To compare the model behavior with data from the pharmacological manipulations, we simulated blockade of INaP by TTX or ICAN inhibition by 9-phenanthrol by reducing the channel conductances gNaP and gCAN, respectively. Blockade of INaP by riluzole was simulated by a hyperpolarizing shift in the inactivation parameter Vh1/2 and by a partial reduction in Wmax (–20% and –25% for simulation of 5 µM and 10 µM riluzole), as described and justified previously (Phillips and Rubin, 2019) to take into account known or proposed pharmacological actions of riluzole from the literature. With this approach, the simulation results were directionally consistent with the data showing that INaP attenuation, by either low concentrations of TTX or by riluzole, and ICAN blockade have opposite effects on the relationship between network excitability controlled by photostimulation and preBötC population burst frequency. We verified the presence of INaP in preBötC glutamatergic inspiratory neurons from voltage-clamp measurements and demonstrated partial and complete block of this current by TTX or riluzole under our in vitro experimental conditions.

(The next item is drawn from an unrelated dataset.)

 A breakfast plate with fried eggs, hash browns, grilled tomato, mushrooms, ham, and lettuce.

A difference between the modeling and experimental results that may represent a limitation of the model is that the model network is more sensitive to INaP block in terms of rhythm perturbation than suggested by the experimental results. In both model simulations and experiments, partial or complete block of this current can terminate rhythm generation; however, rhythm generation can stop at a smaller percentage reduction in INaP in the model, where it is assumed that INaP in all network neurons is uniformly reduced by the same amount at a given simulated percent block. This uniformity may not be the case in the in vitro network, where heterogeneity of cellular biophysical properties and spatial variability of pharmacological actions associated with drug penetration problems in the slice could cause non-uniformity of block at a given drug concentration.

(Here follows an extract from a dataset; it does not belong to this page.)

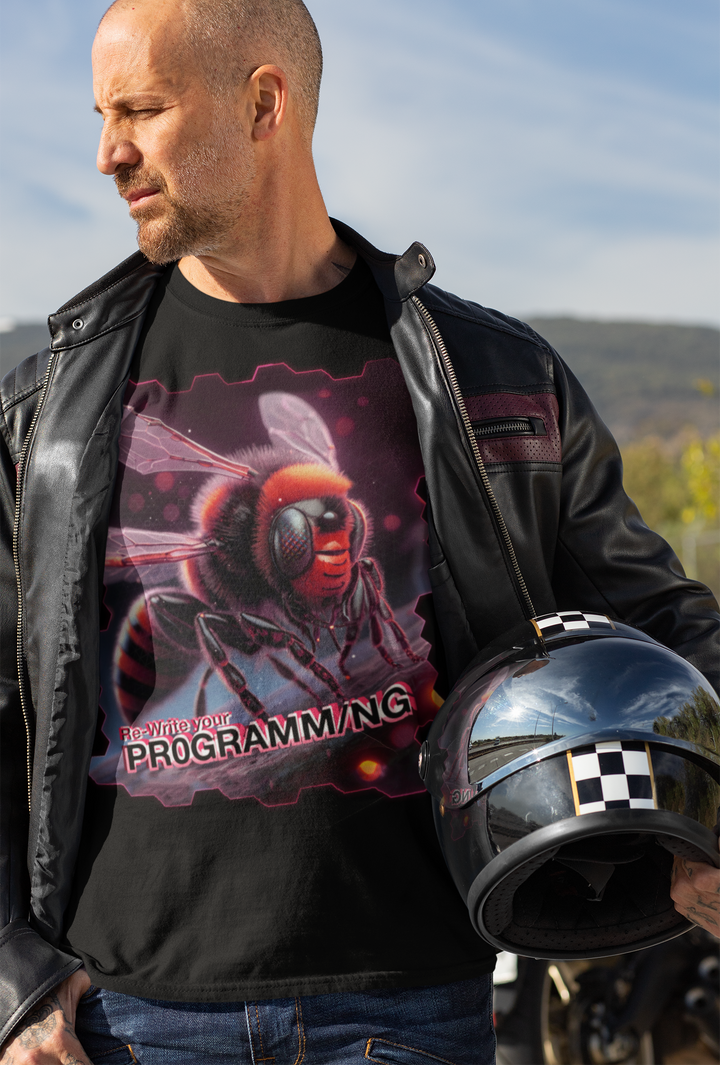 Man wearing a black t-shirt with a graphic design and text, holding a helmet outdoors.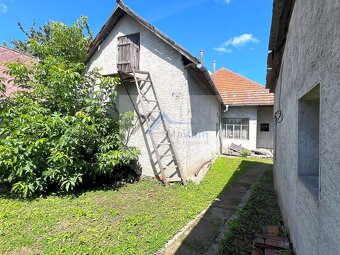 PREDAJ dom s garážou a pozem. v Oslany - 18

Furthermore, the biophysical and pharmacological properties of INaP in preBötC inspiratory neurons are not fully characterized. Our recent biophysical characterization of INaP for these neurons has confirmed that this current is slowly inactivating (Yamanishi et al., 2018), which is a basic assumption of the present and previous models (Phillips et al., 2019), although the details of the voltage-dependent kinetic properties are more complex than represented by the first-order kinetics in the models. Moreover, some additional currents or dynamical processes (e.g. inhibitory currents from local circuit connections, synaptic depression, burst terminating currents, ionic dynamics; Thoby-Brisson et al., 2000; Hayes et al., 2008; Jasinski et al., 2013; Kottick and Del Negro, 2015; Phillips et al., 2018; Baertsch et al., 2018; Juárez-Vidales et al., 2021; Abdulla et al., 2022; Revill et al., 2021), which are not considered in the model, may play a role in augmenting/shaping inspiratory bursting, contribute to robustness of the rhythm such as the electrogenic transmembrane Na+/K+-ATPase pump (Jasinski et al., 2013), as well as affect preBötC dynamics on longer time scales than those investigated here. For example, the current model does not predict the minutes long decrease in network burst frequency that may occur following optogenetic stimulation in some experiments (see Figure 3, but also see Figure 7B, where this effect is less strong). Similar activity-dependent inhibitory effects in mammalian motor networks and tadpole locomotion neurocircuits have been shown to be mediated by the Na+/K+-ATPase pump (Picton et al., 2017; Picton et al., 2018). Therefore, capturing this feature in our model may require inclusion of the Na+/K+-ATPase pump which is beyond the scope of this study and, along with the exploration of other possible mechanisms that may impact or shape preBötC inspiratory bursting, is left for future investigations. Nonetheless, with the kinetic and pharmacological properties incorporated in our model, the directional trends in the experimental results for the various pharmacological manipulations of INaP and ICAN are correctly predicted by the model simulations with very minor additional adjustments of key parameters relative to the initial model developed in Phillips et al., 2019.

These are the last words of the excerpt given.